As the name suggests, you can use ThreadPool to manage thread pools in Python.
Disclaimer
I'll simplify various concepts here, as it's only an introduction.
Python Threads in short
A Python process can be considered as an instance of the Python program (~ main thread).
It usually executes specific instructions in one thread, but you can create more threads to execute some tasks concurrently.
The built-in ThreadPool class can ease the configuration while providing some good standards.
Of course, you may want to manage it manually, like starting and closing threads exactly when you need it, but it gets significantly harder when the number of tasks increases, and the class already optimized that operation.
Multiprocessing in short
With ThreadPool, you basically get "reusable threads" to execute tasks. The class abstracts the complexity:
- you don't have to select a thread for your task
- you don't have to start the thread manually
- you don't have to wait for the task to complete
- it supports both local and remote concurrency
There is so much more to say about multiprocessing, but, as a beginner, such built-in tool can be beneficial:
from multiprocessing.pool import ThreadPool
if __name__ == '__main__':
results = ThreadPool(5).imap_unordered(myfunc, some_list)
for result in results:
print(result)
Here, we define a pool of 5 tasks, and we apply myfunc
to some_list
. If you have a list of files or URLs to process, you may leverage the benefits of the pool to speed up the execution.
N.B.: pool.imap_unordered
is a variant of pool.imap
. It might be slightly faster in some cases.
The big caveat
Obviously, if you misuse it, ThreadPool can have unexpected effects, but it's designed to ease the implementation and prevent common mistakes.

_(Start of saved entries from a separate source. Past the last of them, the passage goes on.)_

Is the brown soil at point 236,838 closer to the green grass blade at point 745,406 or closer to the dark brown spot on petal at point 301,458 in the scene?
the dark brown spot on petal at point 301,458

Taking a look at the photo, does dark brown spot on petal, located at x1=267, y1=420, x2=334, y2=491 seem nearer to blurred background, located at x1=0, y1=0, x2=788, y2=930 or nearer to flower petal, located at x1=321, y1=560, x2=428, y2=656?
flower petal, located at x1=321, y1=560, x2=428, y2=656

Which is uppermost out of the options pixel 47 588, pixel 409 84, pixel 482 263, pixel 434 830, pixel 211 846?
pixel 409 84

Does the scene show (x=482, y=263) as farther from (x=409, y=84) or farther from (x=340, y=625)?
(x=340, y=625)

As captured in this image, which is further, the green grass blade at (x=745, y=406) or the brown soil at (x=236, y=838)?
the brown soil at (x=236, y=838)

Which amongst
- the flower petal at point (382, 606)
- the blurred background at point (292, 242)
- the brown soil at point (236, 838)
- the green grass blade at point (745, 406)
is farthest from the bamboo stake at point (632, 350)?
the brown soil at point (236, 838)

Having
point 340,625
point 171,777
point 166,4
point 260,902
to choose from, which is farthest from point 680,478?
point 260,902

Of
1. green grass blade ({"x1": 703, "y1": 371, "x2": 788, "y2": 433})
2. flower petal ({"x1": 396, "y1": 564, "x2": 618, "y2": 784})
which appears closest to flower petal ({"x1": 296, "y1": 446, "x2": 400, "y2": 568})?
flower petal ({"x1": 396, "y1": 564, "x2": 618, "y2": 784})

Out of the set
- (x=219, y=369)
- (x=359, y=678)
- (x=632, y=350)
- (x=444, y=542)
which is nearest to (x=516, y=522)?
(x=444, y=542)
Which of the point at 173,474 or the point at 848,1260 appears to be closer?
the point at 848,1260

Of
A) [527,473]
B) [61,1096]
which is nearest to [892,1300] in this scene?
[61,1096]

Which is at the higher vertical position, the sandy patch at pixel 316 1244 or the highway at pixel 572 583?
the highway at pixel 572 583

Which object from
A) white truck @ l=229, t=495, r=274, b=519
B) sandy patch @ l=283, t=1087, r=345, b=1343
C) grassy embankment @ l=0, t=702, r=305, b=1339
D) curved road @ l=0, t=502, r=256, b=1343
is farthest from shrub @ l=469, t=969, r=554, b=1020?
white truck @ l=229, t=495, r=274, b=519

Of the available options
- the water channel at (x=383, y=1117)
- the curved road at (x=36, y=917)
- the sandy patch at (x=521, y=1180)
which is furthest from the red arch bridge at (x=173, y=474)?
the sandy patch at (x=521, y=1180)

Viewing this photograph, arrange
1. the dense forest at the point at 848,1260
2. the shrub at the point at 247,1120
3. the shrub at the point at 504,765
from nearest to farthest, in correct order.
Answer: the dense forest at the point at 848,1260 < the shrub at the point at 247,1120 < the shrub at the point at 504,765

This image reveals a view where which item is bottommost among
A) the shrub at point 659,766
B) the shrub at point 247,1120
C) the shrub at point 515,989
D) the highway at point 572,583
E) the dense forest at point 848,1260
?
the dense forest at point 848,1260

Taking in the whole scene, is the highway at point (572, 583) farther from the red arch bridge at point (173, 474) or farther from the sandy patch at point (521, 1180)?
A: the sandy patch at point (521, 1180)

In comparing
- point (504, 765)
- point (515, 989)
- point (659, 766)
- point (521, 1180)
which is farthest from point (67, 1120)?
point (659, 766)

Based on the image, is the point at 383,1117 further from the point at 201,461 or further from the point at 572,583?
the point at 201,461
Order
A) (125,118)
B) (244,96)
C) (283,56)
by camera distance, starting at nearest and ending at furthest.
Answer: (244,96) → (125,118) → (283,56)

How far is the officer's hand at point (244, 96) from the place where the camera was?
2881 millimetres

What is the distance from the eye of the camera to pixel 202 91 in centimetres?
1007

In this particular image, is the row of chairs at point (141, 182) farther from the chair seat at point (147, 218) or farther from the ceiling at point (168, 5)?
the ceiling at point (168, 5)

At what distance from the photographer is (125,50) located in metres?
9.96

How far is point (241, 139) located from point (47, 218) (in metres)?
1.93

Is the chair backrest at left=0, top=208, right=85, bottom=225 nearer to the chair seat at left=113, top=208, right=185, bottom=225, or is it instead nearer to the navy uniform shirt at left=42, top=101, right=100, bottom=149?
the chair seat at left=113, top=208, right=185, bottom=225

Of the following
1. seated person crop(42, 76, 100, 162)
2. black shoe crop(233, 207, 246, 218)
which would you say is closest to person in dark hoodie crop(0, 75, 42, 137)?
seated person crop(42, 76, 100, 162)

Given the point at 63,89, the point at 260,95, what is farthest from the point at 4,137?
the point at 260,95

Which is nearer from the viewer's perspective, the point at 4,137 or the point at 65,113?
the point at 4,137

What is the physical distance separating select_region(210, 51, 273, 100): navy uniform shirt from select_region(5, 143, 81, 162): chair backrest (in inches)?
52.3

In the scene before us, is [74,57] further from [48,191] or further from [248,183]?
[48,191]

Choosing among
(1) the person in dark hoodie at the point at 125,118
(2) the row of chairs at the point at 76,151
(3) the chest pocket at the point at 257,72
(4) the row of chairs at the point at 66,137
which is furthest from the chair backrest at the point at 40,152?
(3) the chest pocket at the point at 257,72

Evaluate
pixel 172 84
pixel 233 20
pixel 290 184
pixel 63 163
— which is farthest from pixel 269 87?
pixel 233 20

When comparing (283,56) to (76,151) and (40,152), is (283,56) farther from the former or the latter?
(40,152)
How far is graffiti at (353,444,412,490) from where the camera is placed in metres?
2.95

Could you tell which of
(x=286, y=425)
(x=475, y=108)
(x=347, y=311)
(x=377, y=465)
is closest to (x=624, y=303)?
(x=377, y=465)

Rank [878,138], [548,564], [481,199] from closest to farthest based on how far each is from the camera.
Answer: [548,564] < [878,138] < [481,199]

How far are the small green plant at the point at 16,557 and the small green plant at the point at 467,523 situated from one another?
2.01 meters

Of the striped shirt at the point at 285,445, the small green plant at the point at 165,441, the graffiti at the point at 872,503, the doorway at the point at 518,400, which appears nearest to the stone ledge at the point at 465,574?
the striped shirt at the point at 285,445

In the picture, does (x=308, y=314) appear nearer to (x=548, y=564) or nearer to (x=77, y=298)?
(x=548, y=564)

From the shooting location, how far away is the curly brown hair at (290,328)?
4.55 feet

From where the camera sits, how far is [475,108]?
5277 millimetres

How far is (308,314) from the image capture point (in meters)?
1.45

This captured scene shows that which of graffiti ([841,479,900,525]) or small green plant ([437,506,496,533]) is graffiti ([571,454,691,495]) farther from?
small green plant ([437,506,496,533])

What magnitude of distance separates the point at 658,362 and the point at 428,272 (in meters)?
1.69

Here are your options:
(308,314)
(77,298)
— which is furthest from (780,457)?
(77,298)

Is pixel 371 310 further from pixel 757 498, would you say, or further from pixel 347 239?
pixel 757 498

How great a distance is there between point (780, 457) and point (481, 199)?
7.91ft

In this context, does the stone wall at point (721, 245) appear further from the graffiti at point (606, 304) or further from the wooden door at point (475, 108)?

In my experience, it should not be used for writing large files unless you process them in chunks in your handler (myfunc
), which Python allows you to do quite easily.
Better implementations
Please refer to the documentation for better implementations of ThreadPool.
For example, you'll see that Python devs recommend using concurrent.futures.ThreadPoolExecutor
instead of ThreadPool
, because it's compatible with more libraries:
from concurrent.futures import ThreadPoolExecutor
if __name__ == '__main__':
with ThreadPoolExecutor(max_workers = 5) as executor:
executor.map(mynfunc, some_list)
Bottom line
Thread pools allows managing thread conveniently and efficiently.
The internal mapper is pretty handy to apply a function on each element in a list.